• **ACTION ITEM**:
In the listing below, find the line containing "Süper Three Brand" and the line containing "24 X 18 X 18". Repeat exactly those two lines and every line between them, nothing more.

• **DATA LISTING**:
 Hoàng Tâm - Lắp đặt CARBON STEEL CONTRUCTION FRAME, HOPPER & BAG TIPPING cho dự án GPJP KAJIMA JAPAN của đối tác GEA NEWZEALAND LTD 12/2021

...

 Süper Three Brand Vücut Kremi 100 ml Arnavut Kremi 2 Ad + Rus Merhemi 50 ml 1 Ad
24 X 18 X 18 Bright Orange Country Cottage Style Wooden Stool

...

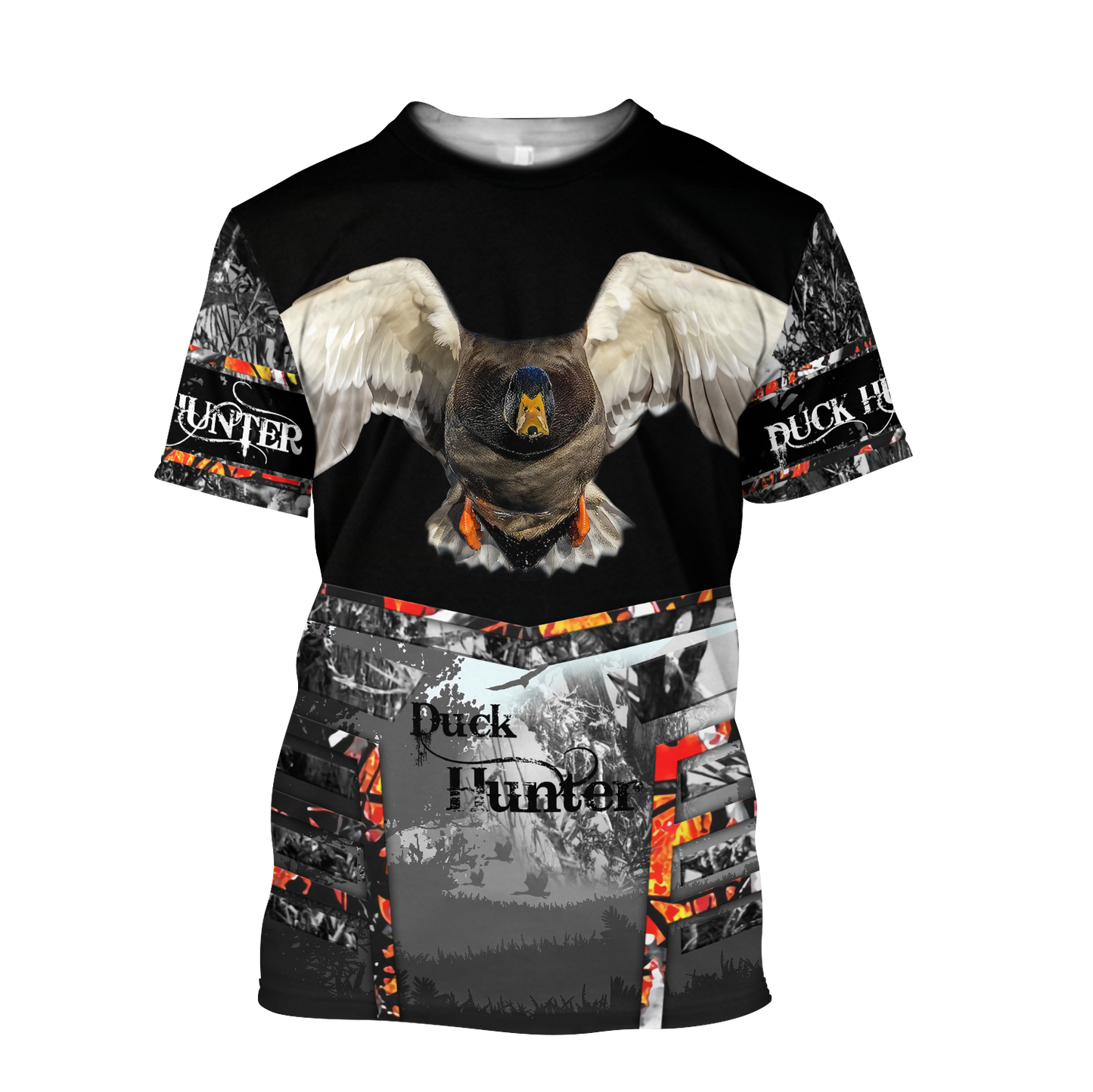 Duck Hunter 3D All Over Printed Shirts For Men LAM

• **TASK ANSWER**:
 Süper Three Brand Vücut Kremi 100 ml Arnavut Kremi 2 Ad + Rus Merhemi 50 ml 1 Ad
24 X 18 X 18 Bright Orange Country Cottage Style Wooden Stool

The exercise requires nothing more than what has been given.